How to distinguish noise from its signal? Important information from trivial matters? After a quantity phase where the profusion of information was aggregated and classified, comes a quality phase where content is organized and edited, through the curator, more precisely: content curator. A real guide to the accumulation and its complexity, the curator, acting like a content director, is now taking over the content creator blogger's role.

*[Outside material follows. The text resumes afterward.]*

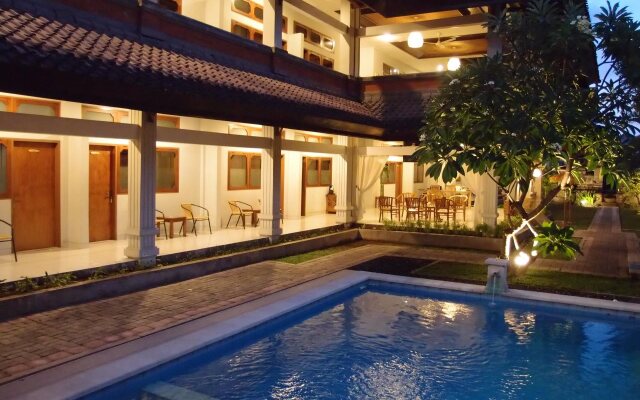 31 Kuta Lodge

1. Division vs navigation: in his article ‘The Web is Dead’, Chris Anderson states that applications are soon to replace the all too open and porous Web. These ‘semi-closed universes’ are more structuring, more clear and ergonomic. So many curated services, suited for everyone and every situation. 2. Visual contextualization: Peter Ørntoft, in Information graphics in context, experiments more visual, affordable ways to deliver information. He stages in their context statistics of the Danes’ opinions on wearing religious symbols in public service.

“Words divide, pictures unite” was Austrian philosopher and sociologist Otto Neurath’s motto. Together with designer Gerd Arntz in the 20s, they worked on a visual and graphical education method: ISOTYPE. The challenge is now to create a new form of storytelling, targeting more the public’s visual intelligence than its verbal intelligence. A challenge both for professionals of forms, designers simplifiers and graphic designers educators, as well as for professionals of substance: journalists, engineers, developers and scientists. 

1. Isotype: International Picture Language, Victoria & Albert Museum, London, complexity stylized: created in 1920 by philosopher Otto Neurath and graphic designer Gerd Arntz, ISOTYPE (International System of TYpographic Picture Education), with more than 5000 signs, icons and pictograms, aims at being simple, universal, non-verbal. 2. Manuel Lima, Visual Complexity : Mapping patterns of Information, a new language: “Several researchers, scientists and designers across the globe are trying to make sense of a variety of complex networks. They employ a mix of colors, symbols, graphics, algorithms and interactivity to advance cognition and deepen knowledge in each subject of analysis. By doing this they are in many ways creating the syntax of a new language.” 


Many researches have pointed out Multitasking (or ‘the ability to handle more than one task at the same time’) as a long-term time loss. Unitasking is now in the rise with new, opposite rules : one thing at a time, and all in due time.

Just as the new online content curators emerge, tomorrow’s consumers will need filters and guides to complexity, to be able to navigate the uninterrupted flow of information, on and offline, in fields that go well beyond the mere journalistic or cultural informations. 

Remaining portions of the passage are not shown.